From d19acb303c4ff90e48fd98ce2d7ba739ca9ea2db Mon Sep 17 00:00:00 2001
From: gbellato <gbellato@localhost>
Date: Wed, 18 Nov 2009 16:55:52 +0000
Subject: [PATCH] Fix for Issue 4300 : stop replication server cause OutOfMemoryError

---
 opends/src/server/org/opends/server/replication/plugin/LDAPReplicationDomain.java |  372 ++++++++++++++++++++++++++++++++++++++--------------
 1 files changed, 268 insertions(+), 104 deletions(-)

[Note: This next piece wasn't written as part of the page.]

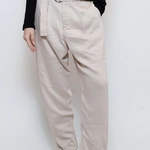 מכנסי בוי פרנד עם חגורה - חול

diff --git a/opends/src/server/org/opends/server/replication/plugin/LDAPReplicationDomain.java b/opends/src/server/org/opends/server/replication/plugin/LDAPReplicationDomain.java
index ca1cf7d..c85caf4 100644
--- a/opends/src/server/org/opends/server/replication/plugin/LDAPReplicationDomain.java
+++ b/opends/src/server/org/opends/server/replication/plugin/LDAPReplicationDomain.java
@@ -114,6 +114,7 @@
 import org.opends.server.replication.protocol.ProtocolSession;
 import org.opends.server.replication.protocol.RoutableMsg;
 import org.opends.server.replication.protocol.UpdateMsg;
+import org.opends.server.replication.service.ReplicationBroker;
 import org.opends.server.replication.service.ReplicationDomain;
 import org.opends.server.replication.service.ReplicationMonitor;
 import org.opends.server.tasks.TaskUtils;
@@ -174,9 +175,62 @@
  */
 public class LDAPReplicationDomain extends ReplicationDomain
        implements ConfigurationChangeListener<ReplicationDomainCfg>,
-                  AlertGenerator, InternalSearchListener
+                  AlertGenerator
 {
   /**
+   * This class is used in the session establishment phase
+   * when no Replication Server with all the local changes has been found
+   * and we therefore need to recover them.

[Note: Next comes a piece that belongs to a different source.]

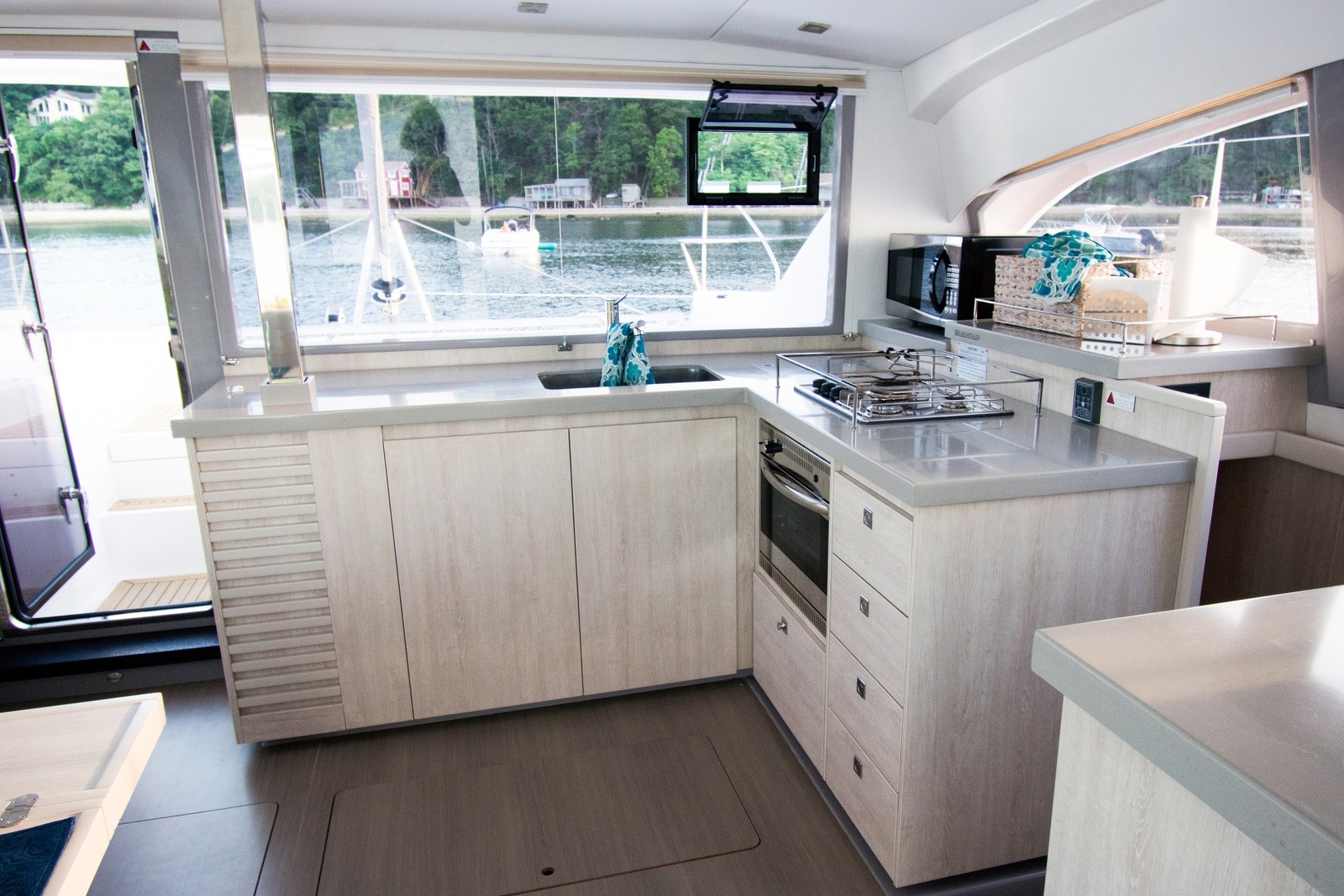 Isola 40ft Robertson  amp  Caine Yacht For Sale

+   * A search is then performed on the database using this
+   * internalSearchListener.
+   */
+  private class ScanSearchListener implements InternalSearchListener
+  {
+    private ChangeNumber startingChangeNumber = null;
+    private ChangeNumber endChangeNumber = null;
+
+    public ScanSearchListener(
+        ChangeNumber startingChangeNumber,
+        ChangeNumber endChangeNumber)
+    {
+      this.startingChangeNumber = startingChangeNumber;
+      this.endChangeNumber = endChangeNumber;
+    }
+
+    @Override
+    public void handleInternalSearchEntry(
+        InternalSearchOperation searchOperation, SearchResultEntry searchEntry)

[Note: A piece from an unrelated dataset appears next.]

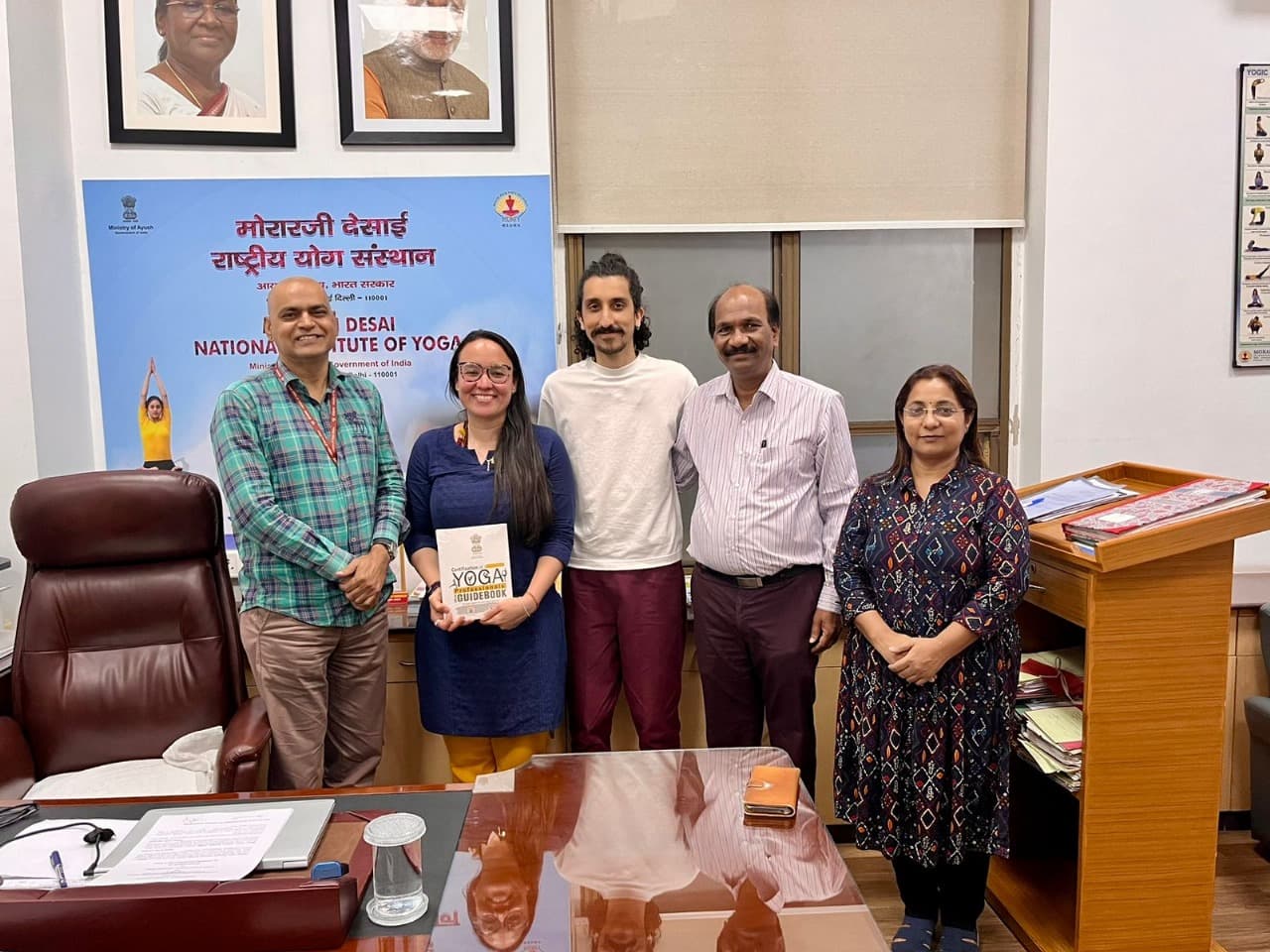 EVD RECIBE AVAL OFICIAL DEL YOGA CERTIFICATION BOARD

+        throws DirectoryException
+    {
+      // Build the list of Operations that happened on this entry
+      // after startingChangeNumber and before endChangeNumber and
+      // add them to the replayOperations list
+      Iterable<FakeOperation> updates =
+        Historical.generateFakeOperations(searchEntry);
+
+      for (FakeOperation op : updates)
+      {
+        ChangeNumber cn = op.getChangeNumber();
+        if ((cn.newer(startingChangeNumber)) && (cn.older(endChangeNumber)))
+        {
+          synchronized (replayOperations)
+          {
+            replayOperations.put(cn, op);
+          }
+        }
+      }
+    }
+
+    @Override
+    public void handleInternalSearchReference(
+        InternalSearchOperation searchOperation,
+        SearchResultReference searchReference) throws DirectoryException
+    {
+       // Nothing to do.
+    }
+  }
+
+  /**
    * The fully-qualified name of this class.
    */
   private static final String CLASS_NAME =
@@ -398,6 +452,80 @@
   }
 
   /**
+   * The thread that is responsible to update the RS to which this domain is
+   * connected in case it is late and there is no RS which is up to date.
+   */
+  private class RSUpdater extends DirectoryThread
+  {
+    private ChangeNumber startChangeNumber;
+    protected RSUpdater(ChangeNumber replServerMaxChangeNumber)
+    {
+      super("Replication Server Updater for server id " +
+            serverId + " and domain " + baseDn.toString());
+      this.startChangeNumber = replServerMaxChangeNumber;
+    }
+
+    /**
+     * {@inheritDoc}
+     */
+    @Override
+    public void run()
+    {
+      // Replication server is missing some of our changes: let's
+      // send them to him.
+      Message message = DEBUG_GOING_TO_SEARCH_FOR_CHANGES.get();
+      logError(message);
+
+      /*
+       * Get all the changes that have not been seen by this
+       * replication server and publish them.
+       */
+      try
+      {
+        if (buildAndPublishMissingChanges(startChangeNumber, broker))
+        {
+          message = DEBUG_CHANGES_SENT.get();
+          logError(message);
+          synchronized(replayOperations)
+          {
+            replayOperations.clear();
+          }
+        }
+        else
+        {
+          /*
+           * An error happened trying to search for the updates
+           * This server will start accepting again new updates but
+           * some inconsistencies will stay between servers.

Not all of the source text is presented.